I know some of you guys can answer this question for me. I like to start fishing at daybreak but  the state parks open at 8:00. It would be worth it to me to buy one to get an earlier start the few times I go each year if I could get in at an earlier time.


----------



## nickel back (Sep 24, 2016)

I think it depends on the park. At alligator point the gate is locked and no one is there to open it till 8.


----------



## Mike in Al (Sep 24, 2016)

thanks nickle back. The two that interest me are St Andrews in PCB and ST George Island.


----------



## jugislandrelic (Sep 24, 2016)

The one at PCB gives you a gate code for early access.


----------



## Dustin Pate (Sep 24, 2016)

Yes it does allow early entry.


----------



## Mike in Al (Sep 24, 2016)

So how does it work if I have an annual pass and come in early and have a kayak to launch.
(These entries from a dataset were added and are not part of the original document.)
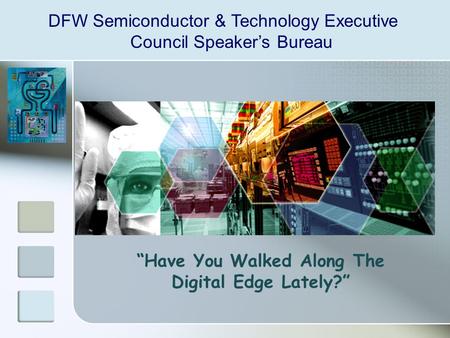 DFW Semiconductor & Technology Executive Council Speaker’s Bureau “Have You Walked Along The Digital Edge Lately?”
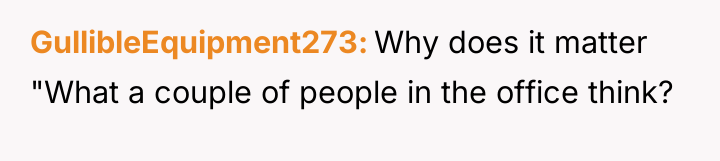 GullibleEquipment273 Why does it matter "What a couple of people...
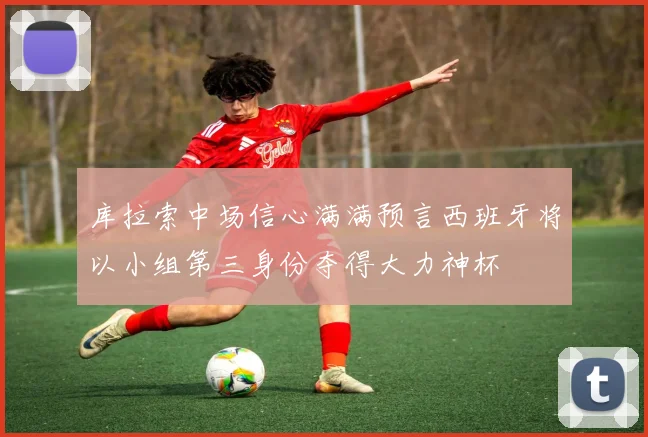 库拉索中场信心满满预言西班牙将以小组第三身份夺得大力神杯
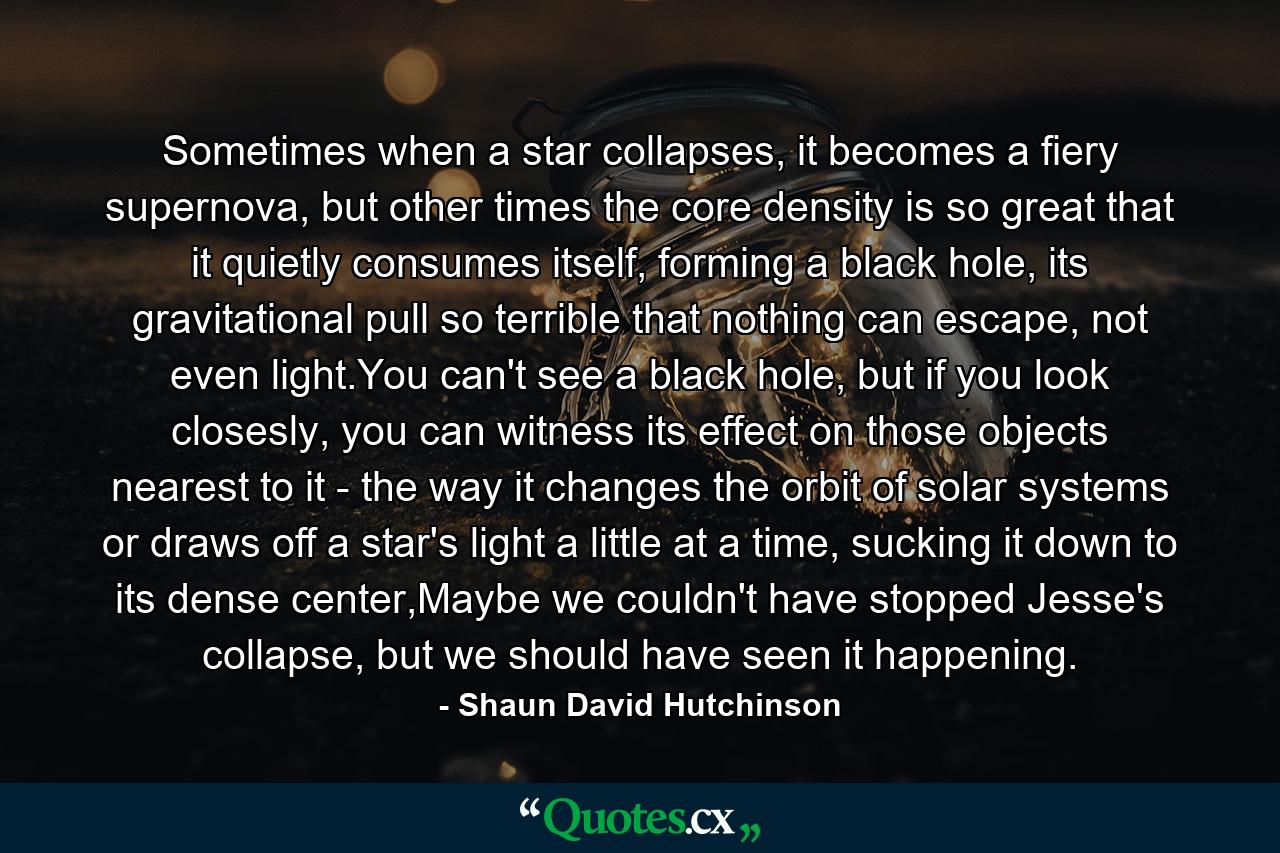 Sometimes when a star collapses, it becomes a fiery supernova, but other times the core density is so great that it quietly consumes itself, forming a black hole, its gravitational pull so terrible that nothing can escape, not even light.You can't see a black hole, but if you look closesly, you can witness its effect on those objects nearest to it - the way it changes the orbit of solar systems or draws off a star's light a little at a time, sucking it down to its dense center,Maybe we couldn't have stopped Jesse's collapse, but we should have seen it happening. - Quote by Shaun David Hutchinson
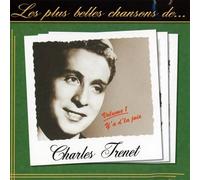 Charles Trenet - Les plus belles chansons de Charles Trenet Vol 1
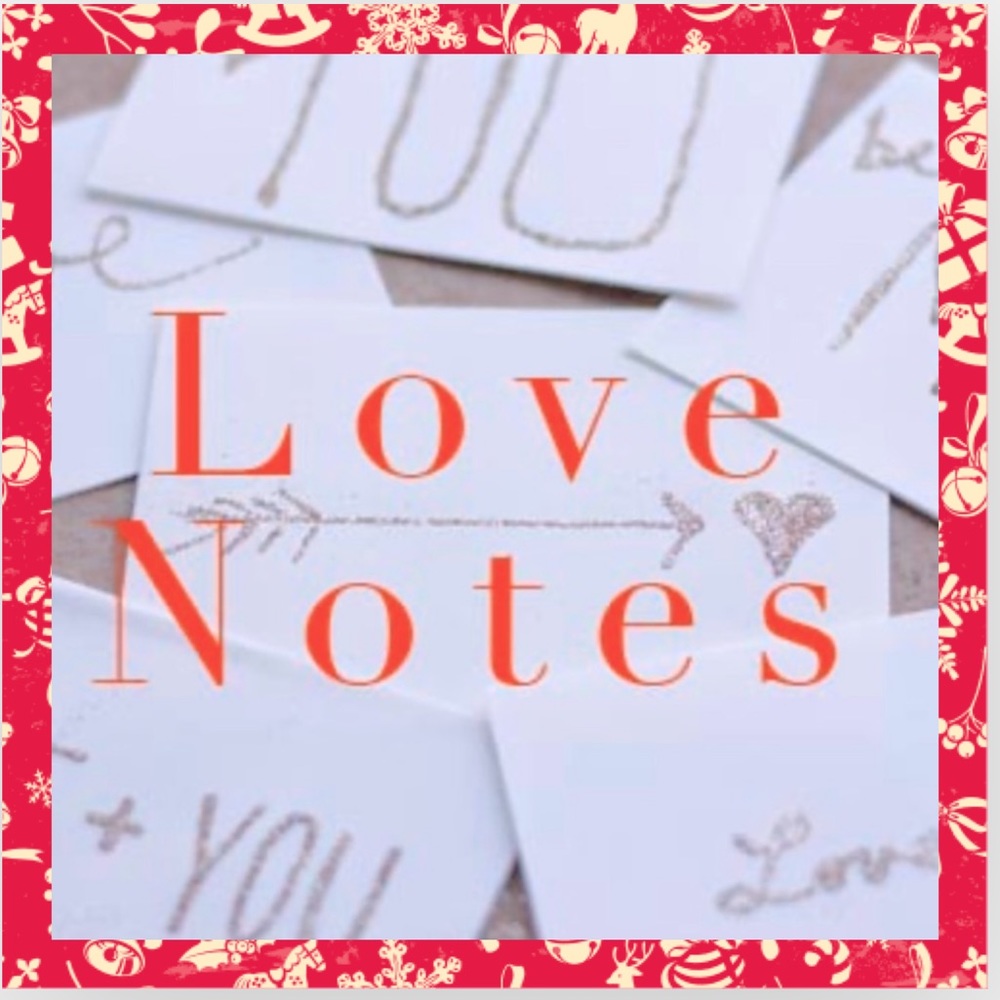 Love Notes!!!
Am I able to put it in and pay on the way out for a launch fee . Or is there a fee for a kayak?


----------



## jcbcpa (Sep 26, 2016)

I think the annual pass covers the launch fee.
Also, I think you can call the ranger station and get the keypad combination to get you in the gate earlier.
I say I think because it's been 2 or 3 years since I had an annual pass and I might not be remembering just right.


----------